— DATA UNDER STUDY —
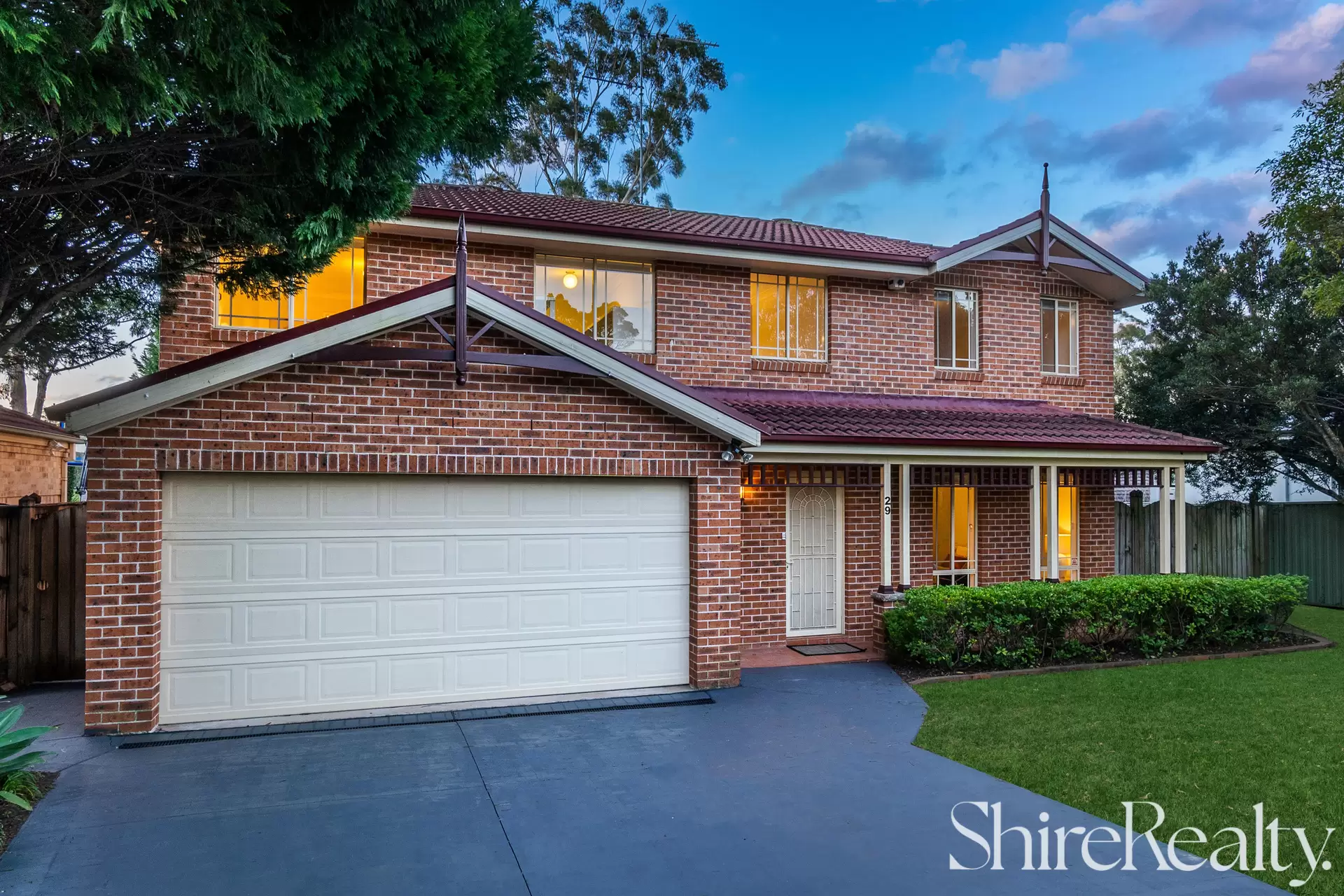 29 York Road, Kellyville Sold by Shire Realty - image 1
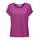 ONLY Tops für Damen Basic Kurzarm Rundhals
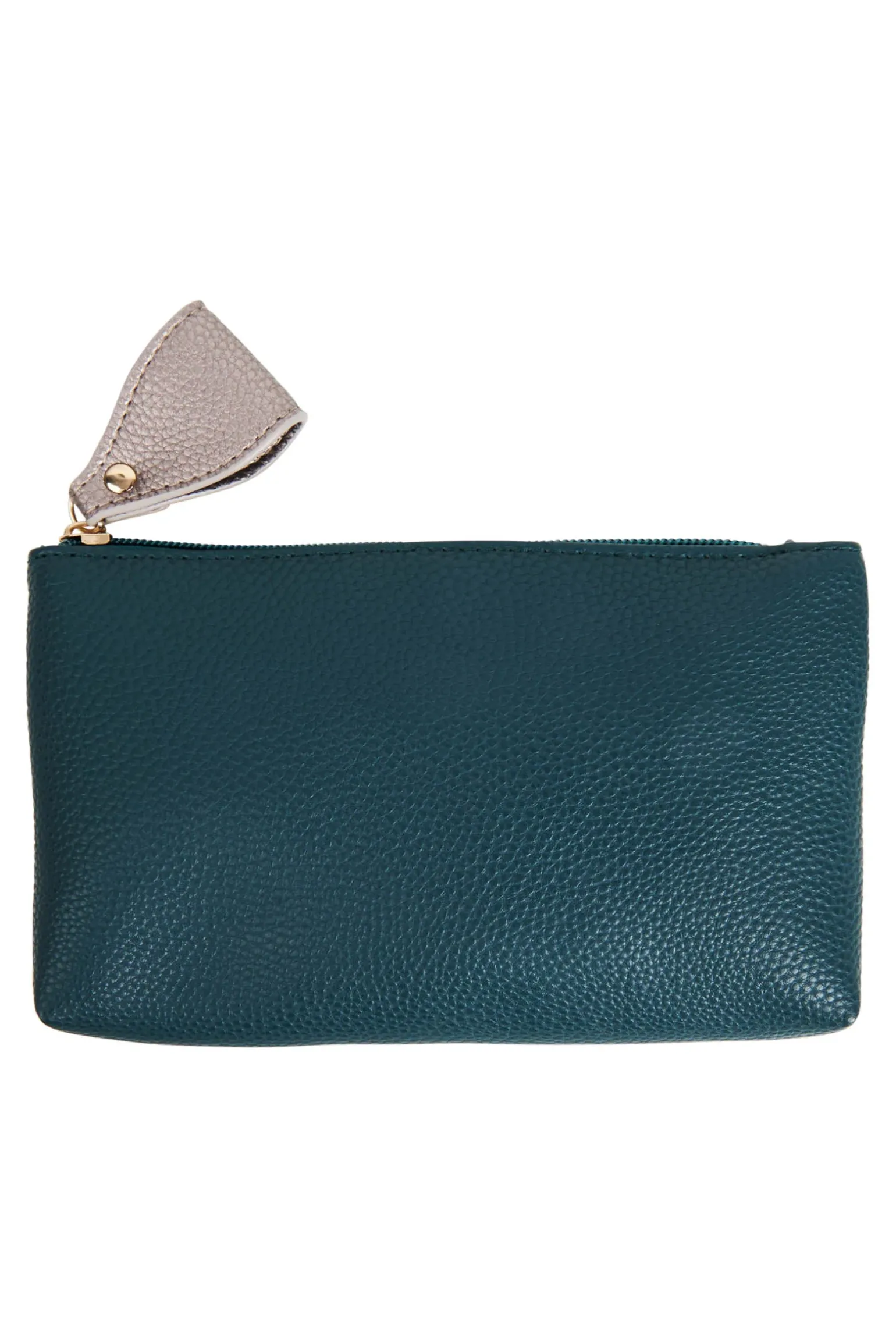 Allegro Pouch - Peacock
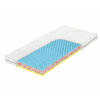 Tropico | Matrace Atlas Visco 90 x 200 x 18 cm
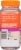 Align® Probiotic Dualbiotic Prebiotic + Probiotic Dietary Supplement Gummies Perspective: left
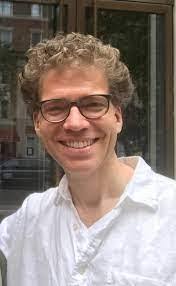 Jonathan Lippincott's Instagram, Twitter & Facebook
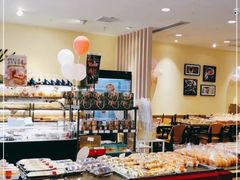 -85度C(广州东银广场店)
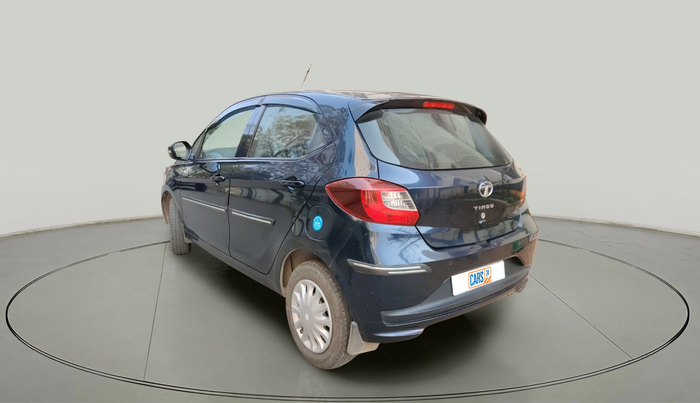 2021 Tata Tiago XT PETROL, Petrol, Manual, 39,344 km, exterior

— WORK INSTRUCTION —
Begin at the line that contains "Jonathan Lippincott's Instagram, Twitter" and transcribe every line through the end of the listing, exactly as written. Omit the pictures.

— TASK ANSWER —
 Jonathan Lippincott's Instagram, Twitter & Facebook
 -85度C(广州东银广场店)
 2021 Tata Tiago XT PETROL, Petrol, Manual, 39,344 km, exterior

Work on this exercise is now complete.